Since Snow goose season is right around the corner. Here is an amazing recipe. I did this with goose breast and venison. People couldn't tell the difference and preferred the goose.

Cure:
3 - Deboned Canada goose breasts (6 pieces or halves)
1/2 Cup - Tender Quick
2 Teaspoons Dried Thyme
2 Teaspoons Ground Corriander
2 Table Spoons Garlic Salt/Powder
1/4 Cup Black Pepper
2 Teaspoons Onion Salt/Powder
1/4 Cup Brown Sugar

Put cure on breasts and put in zip top bag and seal up getting most of the air out. I put mine in a food saver bag or vacuum sealed them. Let sit in fridge for 5+ days depending on thickness of Goose or roast. Turning over a few times a day. Or when ever you think of it when opening the fridge.

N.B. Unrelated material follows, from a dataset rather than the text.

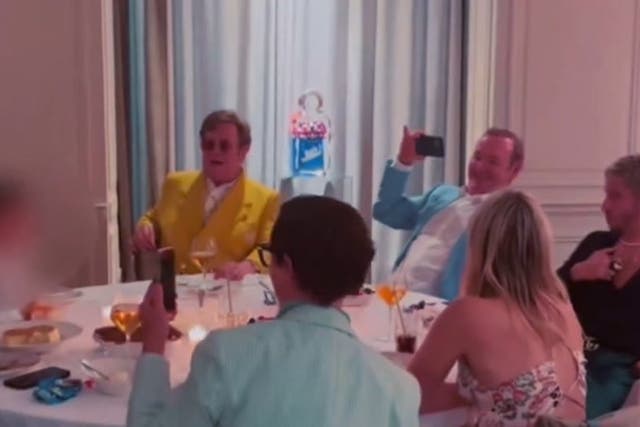 <p>Elton John and Kevin Spacey sing Elvis hit while enjoying meal out.</p>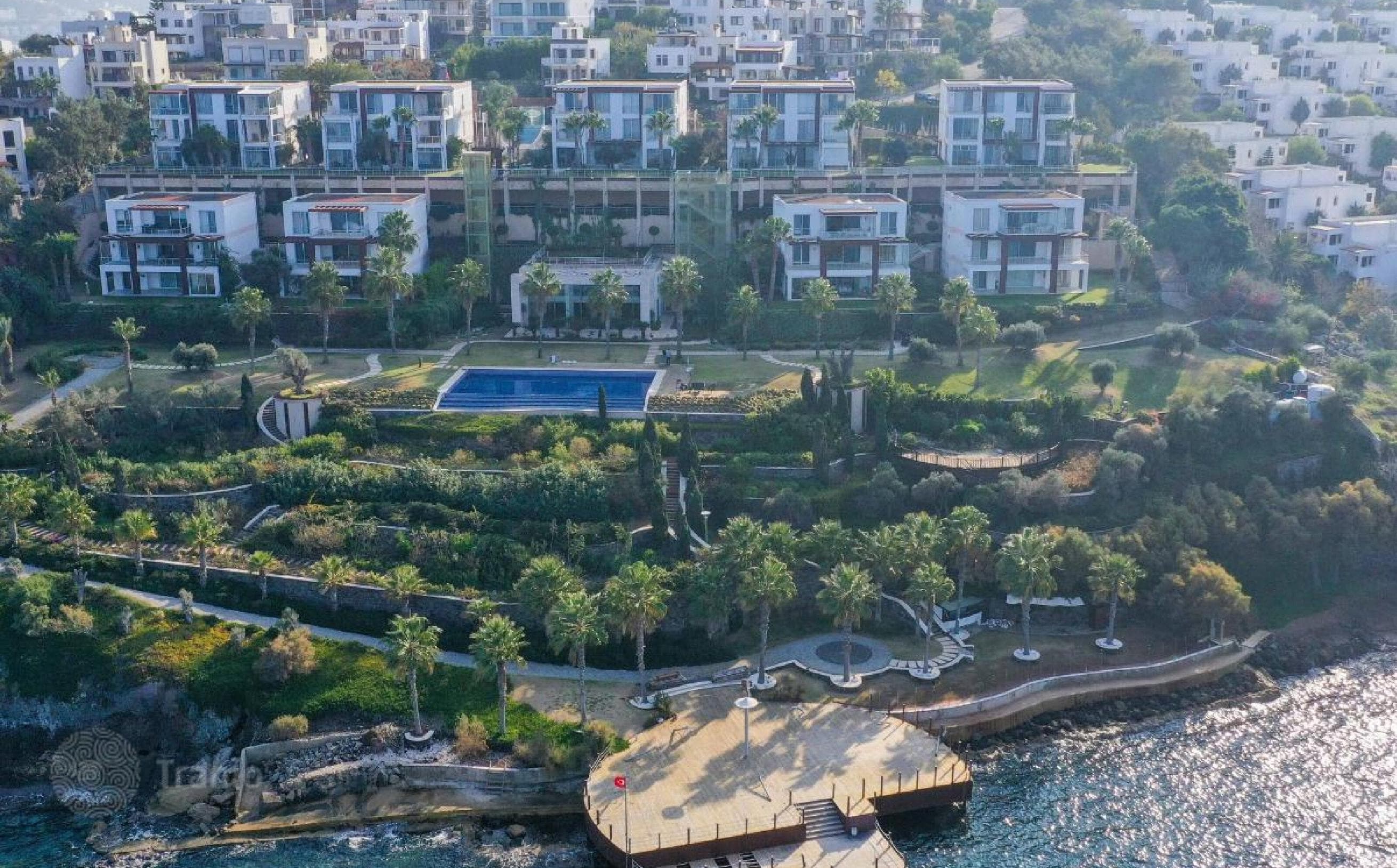 2-Bedroom Beachfront Apartment with Private Beach in Gümdogan, Bodrum, photo 3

After the 5+ days are up. Rise with cold water or soak in water for about 1 hour. It is up to you. Then add the rub.

Rub:
3 table spoons of Black pepper (can use coarse if you want)
1 teaspoon of Ground Corriander
1/2 Teaspoon of Onion powder/salt
1/2 teaspoon of Paprika
1 teaspoon of Garlic salt/powder
1/2 teaspoon of dried thyme.

The have a hot smoker up to 225-230 degrees. Put in smoker and smoke until internal temp of 150 degrees. Takes about 2 hours.

Take off smoker and wrap in tin foil and rest for 30 mins or so. Slice thin and enjoy. It even gets better when cooled and the next day. ;-)

I got this recipe from steven Rinella.


----------